NVIDIA Introduces X-Token: Projection-Guided Cross-Tokenizer KD That Outperforms GOLD by +3.82 Average Points on Llama-3.2-1B

Knowledge distillation (KD) transfers “dark knowledge” from a large teacher model to a smaller student. The student learns from the teacher’s full output probability distribution over tokens, not just correct answers. This is done via per-position Kullback–Leibler (KL) divergence over next-token probability distributions.

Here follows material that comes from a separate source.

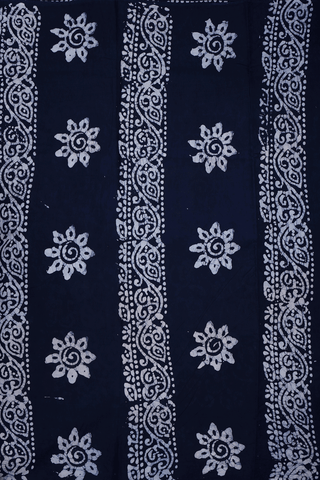 Allover Floral Design Midnight Blue Sungudi Cotton Saree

This formulation requires a shared tokenizer. A practitioner committed to Llama-3.2-1B cannot leverage stronger teachers with incompatible tokenizers — such as Phi-4-mini or Qwen3-4B — because token positions do not correspond across vocabularies. This also prevents multi-teacher distillation across tokenizer families.

NVIDIA researchers introduced X-Token, a logit-distribution-based method for cross-tokenizer KD (Knowledge distillation). It operates as a drop-in replacement for the standard KD loss, requiring no auxiliary trainable components and no architectural changes.

The Problem X-Token is Solving

Two prior approaches dominate cross-tokenizer KD. ULD (Universal Logit Distillation) sidesteps vocabulary alignment by rank-sorting both distributions and minimizing L1 distance. It discards token identity entirely. GOLD adds span alignment and a hybrid loss. It partitions tokens into a 1-to-1 string-matched common subset, trained with KL divergence, and an uncommon remainder, trained with ULD-style rank matching. GOLD is the current state of the art.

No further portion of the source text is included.